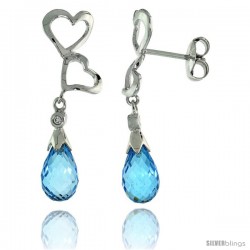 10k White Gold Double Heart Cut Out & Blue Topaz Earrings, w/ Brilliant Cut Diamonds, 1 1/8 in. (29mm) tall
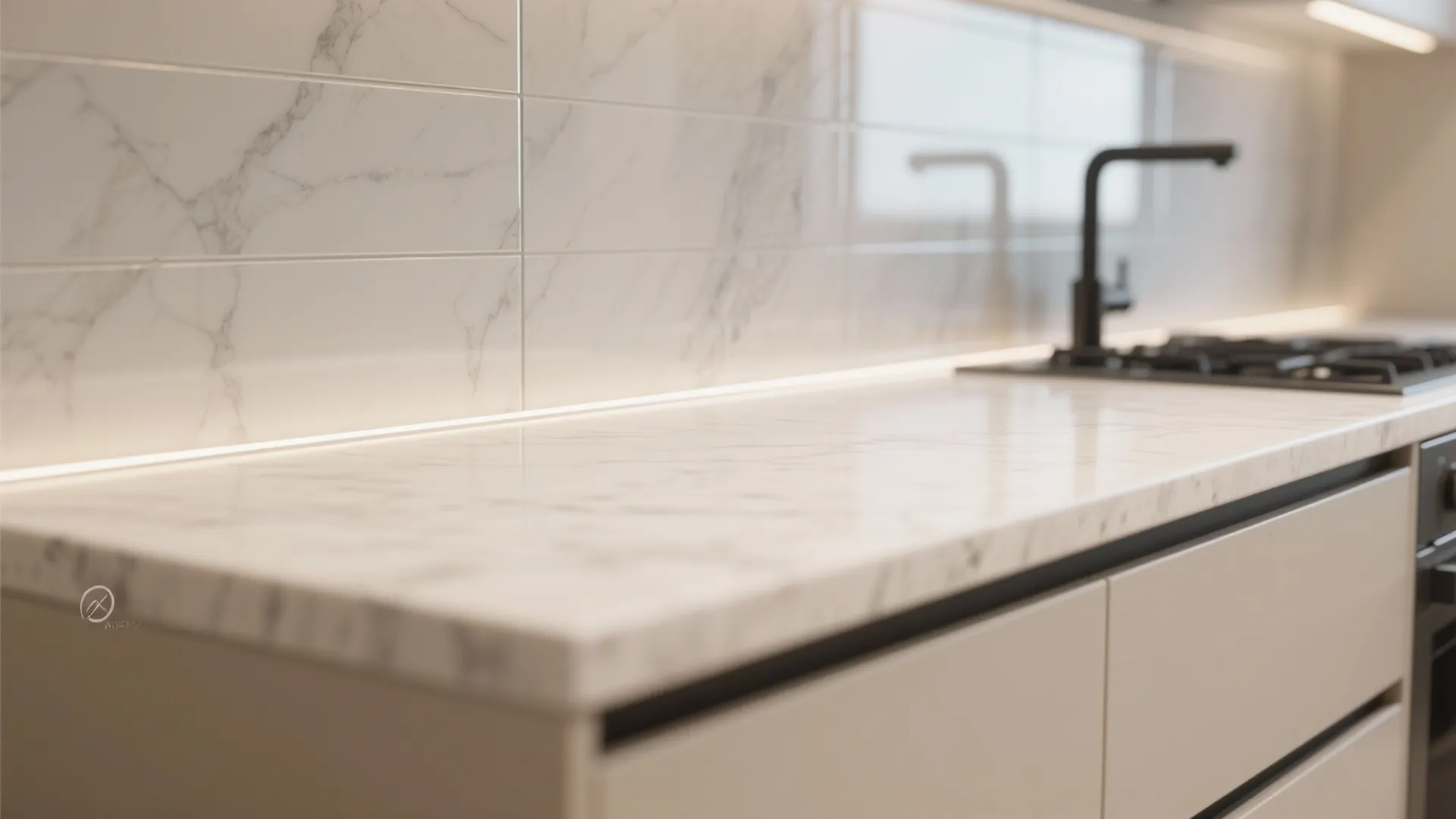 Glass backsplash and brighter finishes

....

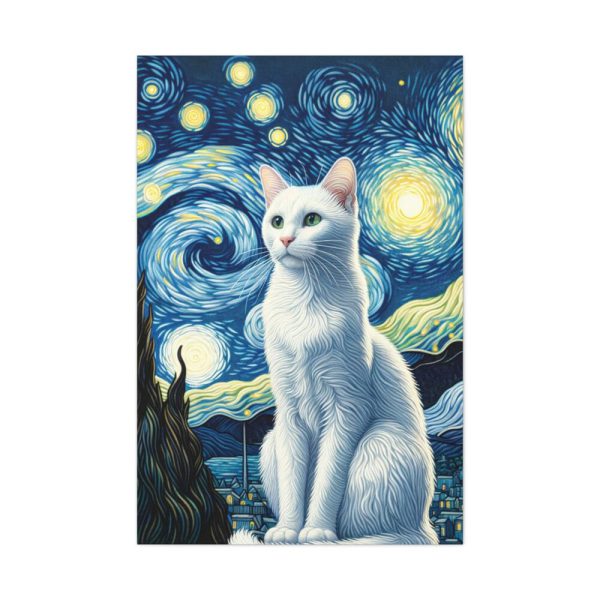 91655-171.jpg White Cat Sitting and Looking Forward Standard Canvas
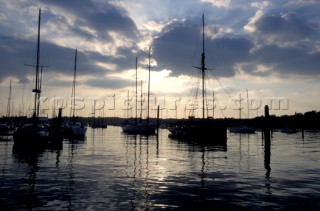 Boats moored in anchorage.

....

TASK DIRECTIONS
For the data above, set down exactly the lines from the line with "10k White Gold" to the line with "Glass backsplash and brighter finishes", both included, leaving pictures out.

COMPLETED TASK
 10k White Gold Double Heart Cut Out & Blue Topaz Earrings, w/ Brilliant Cut Diamonds, 1 1/8 in. (29mm) tall
 Glass backsplash and brighter finishes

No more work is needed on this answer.